PORTLAND, Ore. (KOIN) — A few dozen people took to the streets and sidewalks outside the Justice Center Sunday afternoon, their “Back the Blue” signs and paper hearts standing in stark contrast to the graffiti and debris around them.
“I know that officers aren’t perfect, but for the most part, you know, they’re here to protect us,” Audra Price said. “I’ve been to some of the rallies. I’ve seen how they’re treated and how …. they have to just stand there and take it.”
Price, whose father is a retired deputy, said that’s been hard for her to see. Now Price and other police supporters are trying to counteract that, using social media as a place to organize. One pro-police group has gained more than 8,500 members in just three weeks.
“Watching what’s happening down here and how the cops aren’t allowed to do their jobs, and they have to put up with filthy names,” Lake Oswego resident Sally Hill said. “It’s just not right, so we’re trying to show the other side.”
When asked why it’s taken so long for counter demonstrations to pop up, and why they’re so much smaller than the nightly protests downtown, many people cited the “silent majority.”
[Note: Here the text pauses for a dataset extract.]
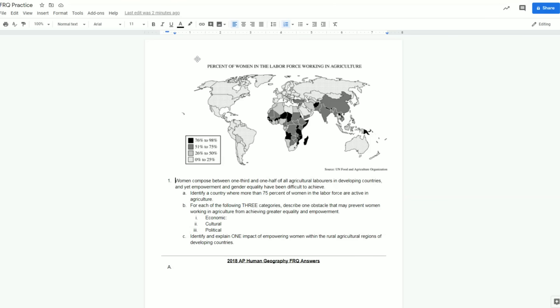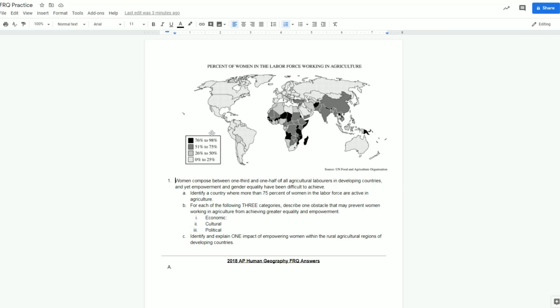Right away we'll notice that this FRQ has a stimulus component and we're good geographers. We know that when we have a stimulus component, any data that's provided with the FRQ, we need to look at that first. So right away I can see I'm looking at a chloropleth map. I can see this map is dealing with the percent of women in the labor force who are working in agriculture. I can go down to our legend, here's our different ranges. I can right away notice Africa has more countries than other parts of the world that are in that 76 to 98 percent range. A lot of the developed world is in that zero to 25 percent. So we're starting to see some things going on in the data.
“They’re afraid to come out,” Hill said. “They’re not used to seeing things like this.”
“We wanted to let the other side have their voice, have their time, let them say what they want to say, and it’s getting to be too much,” Shelby Walman said. “There’s so much destruction. There’s so much hatred. It needs to stop.”
Several people confronted the group or shouted at them from cars or across the street. However, many of the police supporters acknowledged there is room for reform, and said they wished everyone could have that discussion in a calm way.
“Nobody likes bad cops,” Walman said. “We all want accountability. But we’re not being violent against it. We’re not yelling in people’s faces, we’re being polite. (Other protesters are) not being polite. You know, they’re throwing things at cops. I’m not throwing things at cops but I would support accountability.”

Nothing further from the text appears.